New Zealand needs to prioritise keeping skilled migrants post-pandemic or risk losing them to countries with open-door migration policies like Canada, an immigration expert says.
Residency applications are prioritised for people earning more than $112,000 here, a process that has been described by critics as flawed, and does not get the people needed for highly skilled but lower-paid jobs.
Last year, the Government suspended expressions of interest (EOI) selections for the skilled migrant category (SMC) prompting migrant workers to leave to gain residency elsewhere because of delays in processing times.
Several essential workers on temporary visas have told the Herald they too were considering leaving because of this.
Massey University sociologist and immigration expert Paul Spoonley said New Zealand was viewed favourably with how it handled the Covid-19 pandemic, but not for how immigration will be reshaped in a post-Covid environment.
"A recent global survey of international students found that New Zealand was ranked top by students in terms of the way in which it had dealt with Covid, but Canada was the country that scored the highest in terms of what next for international education," Spoonley said.
"This probably sums up the New Zealand brand."
The Ministry of Business Innovation and Employment data showed that as of August 31 this year, 180,069 migrants were here on work visas, many of them temporary.
Spoonley said New Zealand should follow Canada, which had set a 1 per cent target or 401,000 net migrant gain this year and targeting those already on its shore.
"If those on temporary visas already here met good character requirements and had an ongoing job, then why not prioritise those in the same way that Canada has done?" Spoonley said.

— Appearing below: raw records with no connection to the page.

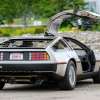 DeLorean sports car parked in a dirt lot with one gullwing door up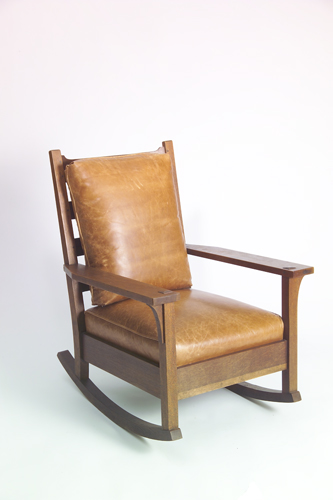 Appraisal: GUSTAV STICKLEY Large open-arm rocker with shaped crest rail drop-in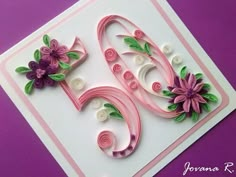 a close up of a greeting card with flowers and swirls on the number six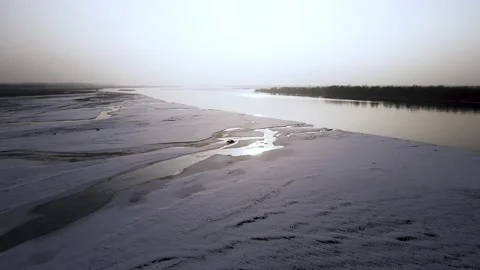 Aerial shot  of river surface in winter sunset, ice and snow river 스톡 동영상 234306462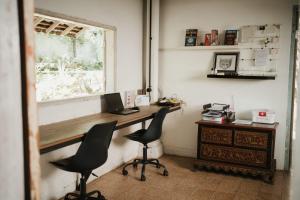 um escritório com uma secretária com 2 cadeiras e um computador portátil em East room at Semadi Living em Darmasaba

"In my view, the most significant barrier is the salary threshold. This is a very crude measure of value, which does not reflect labour market or societal needs for either the migrant or New Zealand."

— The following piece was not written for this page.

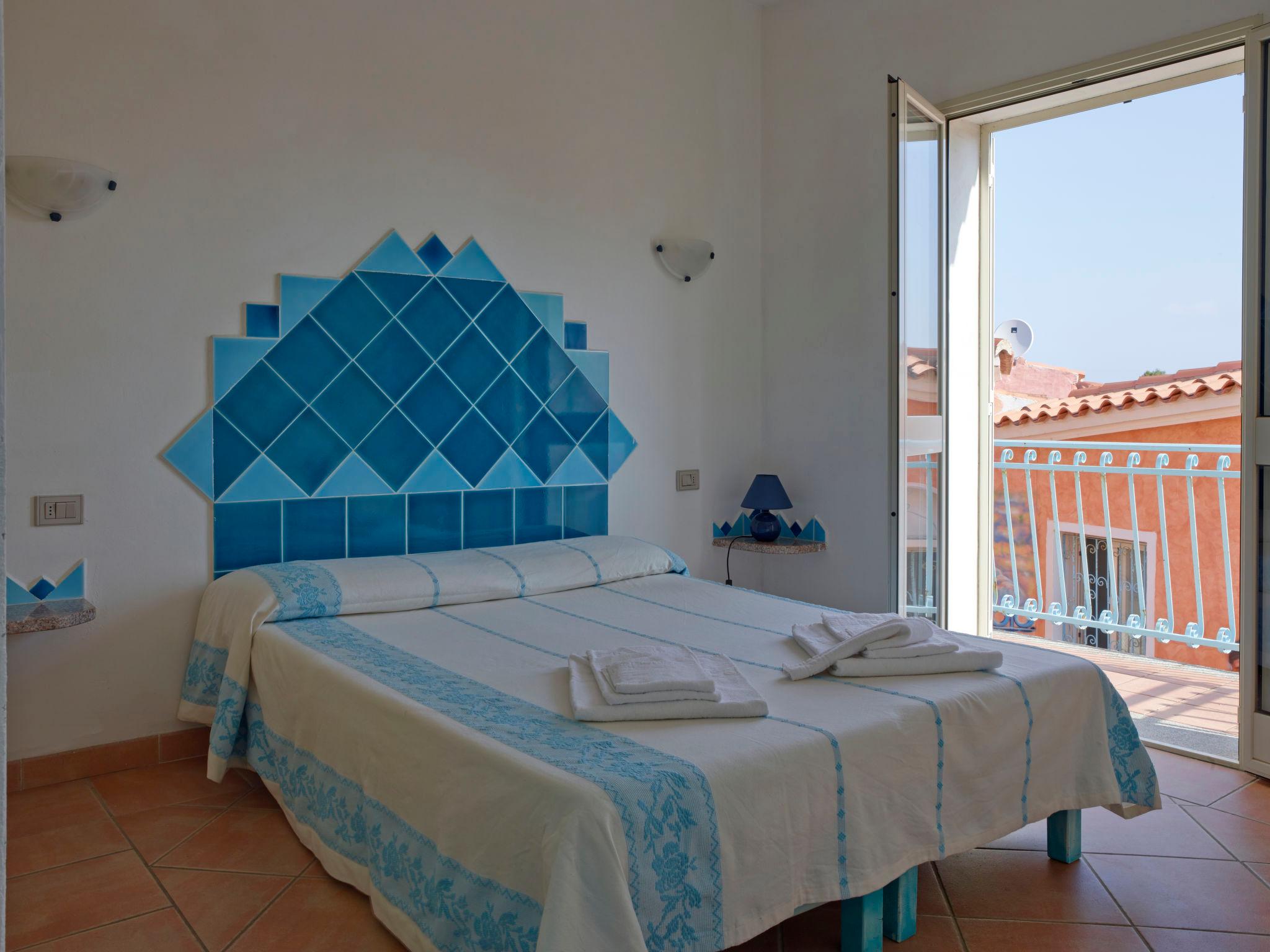 Foto 5 - Appartamento con 2 camere da letto a San Teodoro con piscina e vista mare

South African Erin Tichenor, 24, and her partner Eduan Breedt, 26, work in fields that are on the skills shortage list but are now looking at moving to Canada or the US.
Tichenor, a social worker working with people in need for emergency and transitional housing, said the suspension of EOI has played a major part in them looking to move overseas.
"We realistically cannot risk waiting for a day when Immigration decides they may or may not start the selection process again. It is costly and isolating to be here," she said.
"There are several mental and emotional effects of being isolated away from home. We don't feel it makes sense to invest our money, time, and commitments in a country with unclear messages about whether it wants us.
Breedt is a physiotherapist who work with people in chronic debilitating pain.
"Having worked in New Zealand for almost two years it is abundantly clear how desperate we are for more healthcare and social service practitioners," he said.
"Sadly, Immigration has stopped selecting from the EOI pool since the pandemic, and it doesn't appear it is going to begin the selection process anytime soon."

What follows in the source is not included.